Guys like Marquis and the rest of the Cardinals' rotation.
Thursday night at Busch Stadium, the Cardinals gave the ball to Marquis, a promising young right-hander who was making his first postseason start. On his 12th pitch, he served up a fat fastball that Jayson Werth deposited 388 feet into the left field bleachers. And things got worse from there.
The kid jumped out ahead of hitters then let them off the hook. He went deep into the count on just about everyone he faced. He gave up two more home runs. And then he lost whatever he had that was good, faster than Britney on her honeymoon.
Marquis huffed and puffed his way through 3 1/3 innings -- 89 pitches worth -- before manager Tony La Russa came to get his ball back.
And the Cardinals still won.
They didn't just win. They won big. They beat the Dodgers, 8-3, and now lead the first-to-three National League Division Series two games to none. They can close it out Saturday in Los Angeles.
Two games into a postseason where they're expected by many to win it all, the Cardinals' starting pitching is as advertised. In Game 1 the other night, Woody Williams was OK. He went six innings. He gave up eight hits and a couple of runs. It was a good, workmanlike outing. Nothing more. And the Cardinals still beat the Dodgers, by that same 8-3 score.
Of course, the great thing for the Cardinals is that it hardly matters how the starters throw. Everybody knows that. It doesn't matter because the Cardinals have the best lineup in the NL. If it's not Scott Rolen or Albert Pujols or Larry Walker or Jim Edmonds doing the work, it's Edgar Renteria or Reggie Sanders or Tony Womack. Or Mike Matheny, for crying out loud.
Thursday, catcher Matheny, the eighth hitter in the lineup, drove in four runs with two hits. The 6-7-8 hitters -- Renteria, Sanders and Matheny -- went 8-for-11. It's almost unfair.
"They've been doing it all year," Marquis said.
Good starting pitching -- usually good power pitching -- trumps good hitting. That's what's supposed to win in the postseason. But it doesn't always work that way. It may not work that way this postseason.
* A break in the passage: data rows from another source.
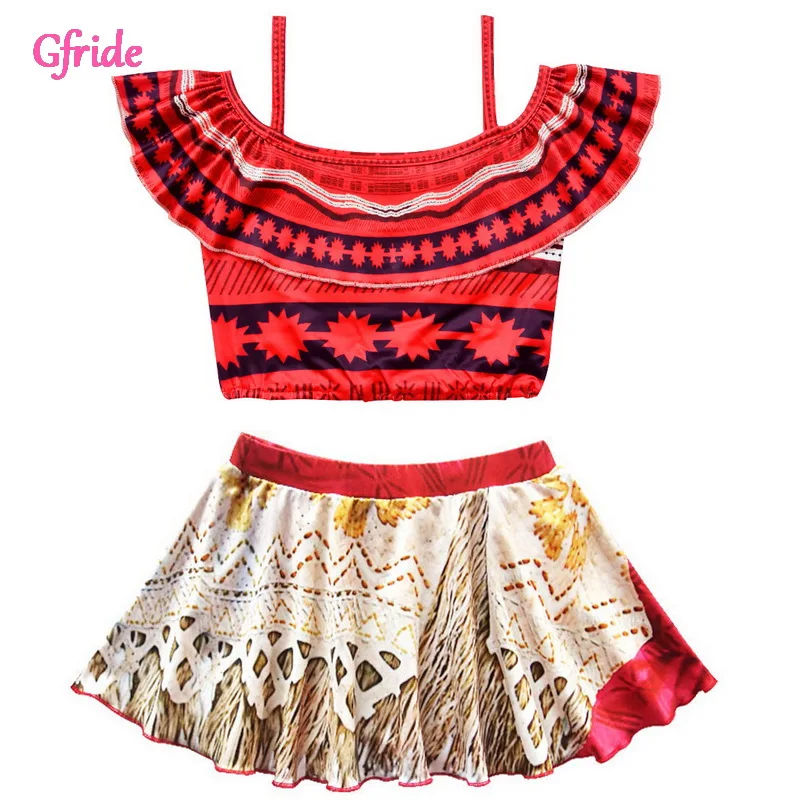 

Girls Princess Moana Costume Maui Swimwear For Kids Beachwear Children Swimsuit Swimming Cartoon Bathing Suit Tops Skirts Sets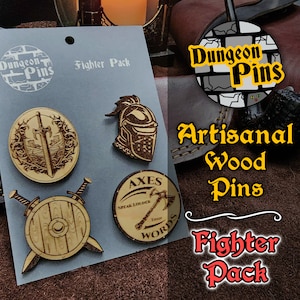 Dungeon Pins - Fighter Pack (Real Maple Wood Pins)
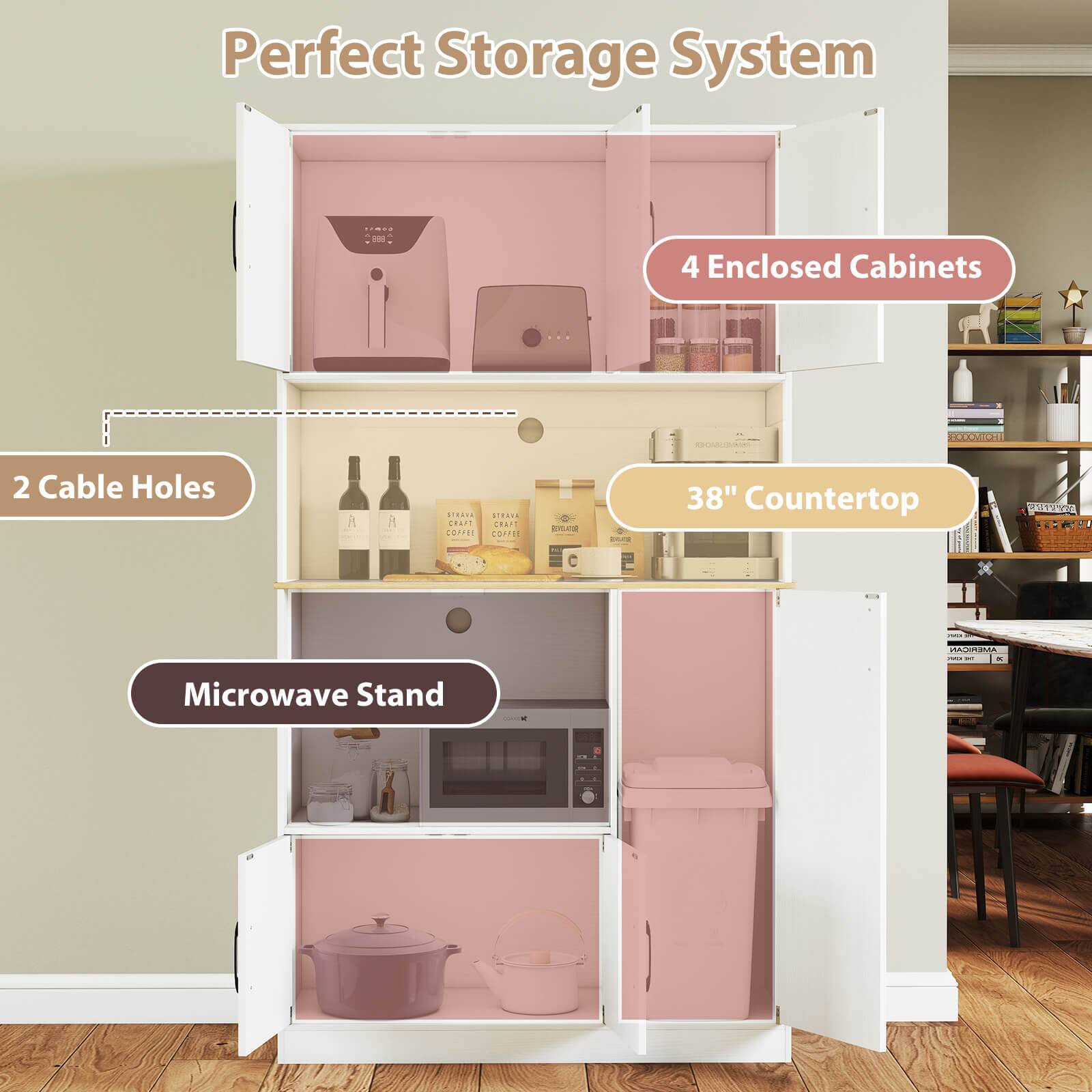 Perfect Storage System

- 4 Enclosed Cabinets
- 2 Cable Holes
- 38" Countertop
- Microwave Stand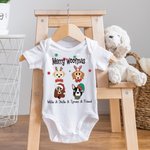 Personalisierte fröhlichen Hund Wuffmas Cartoon-Stil Baby Onesie
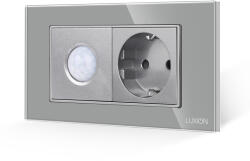 Luxion Senzor de miscare cu priza Schuko Luxion, rama sticla gri, 4M (LXI-051/45GF-GY)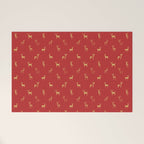 Vintage christmas deer animal pattern art Welcome Mat Gallery Image 1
The Angels won the 2002 World Series, remember, with just decent starters and a lineup that hit .310 against. the Giants in the World Series. These Cardinals are capable of putting up those kinds of numbers. They've run through these first two games against the Dodgers hitting .299.
And the Cardinals have something else, too, something the Angels had in '02 -- a good bullpen. Though the St. Louis pen probably is not as strong as the Angels' was then, the Cardinals have a good one, deep and versatile, and La Russa plays it like a Stradivarius. Five members of the pen went 5 2/3 innings on Thursday and didn't allow a run. They gave up only two hits.
In the two games, the Cardinals' bullpen has allowed five hits and one run in 8 2/3 innings.
"We have a lot of depth in the bullpen and, man, they were outstanding. Every one of them," La Russa said.
With that lineup and that bullpen, the Cardinals clearly don't need great starts right now. They haven't needed them against the Dodgers.
But sometime in the next couple of weeks, they probably will. Sometime this October, if some good starts happened to come the Cardinals' way, it sure wouldn't hurt.